An extensive Q and A session covered such issues as:

  • Would he comment on the current Republican nomination process? No – he would not!
  • The Wartime Contracting Commission on which he had served had estimated the waste in the Iraqi war to be in the region of $31- 60 bn. dollars. Could he identify where those losses had occurred and would there be consequences? Chris said that the problem resided in the fact that 50% of the war effort was spent on contractors but there was no specific oversight of them or responsibility for them, either on the part of the OMB or the Joint Chiefs of Staff.
  • On the balanced budget amendment? He had voted for it, favoring a reduction in entitlements not simply spending.
  • Iraq – in retrospect was his support for the war a mistake? Of course. The great error had been that the US as well as all those other countries that had supported the invasion, UK, Israel, Jordan even the French, had based their decision primarily on the same informant who proved to be unreliable.
  • Did he support term limits? No. The country needed people with experience and not short timers. He cited Henry Hyde and Dick Lugar as good examples of the former.  
  • He voted for the repeal of Glass-Steagall because without it he felt US banks could not compete internationally. He felt the chief culprits in the 2008 mortgage debacle were Fannie Mae and Freddie Mac.  
  • His opinion of John Boehner? Had a tough job – he likened it to herding cats.

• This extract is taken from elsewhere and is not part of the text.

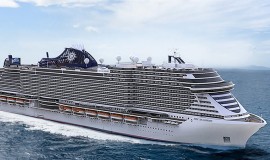 Порт Канаверал (США) – Нассау (Багамские о-ва) – остров Оушен-Кэй (Багамские о-ва) – Порт Канаверал (США) – Нассау (Багамские о-ва) – Косумель (Мексика) – Коста-Майя (Мексика) – остров Оушен-Кэй (Багамские о-ва) – Порт Канаверал (США)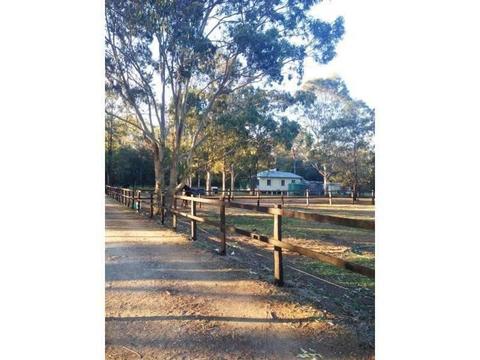 8 Acre Horse Property For Rent Near Yatala - Acreage 3bd home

  • The role of the media in politics? Newspapers promoted talking heads with the inevitable spin based on their prejudices. CSPAN deserved a Pulitzer prize for disinterested reporting.
  • How should we manage lobbyists? Shays felt they had a role, especially in State government, but he objected to lobbyists that supported both parties simply to gain access.

Whatever one’s politics, Christopher Shays comes across as a decent human being with a drive to make a change for good in the world. Time will tell if the voters will return him to center stage.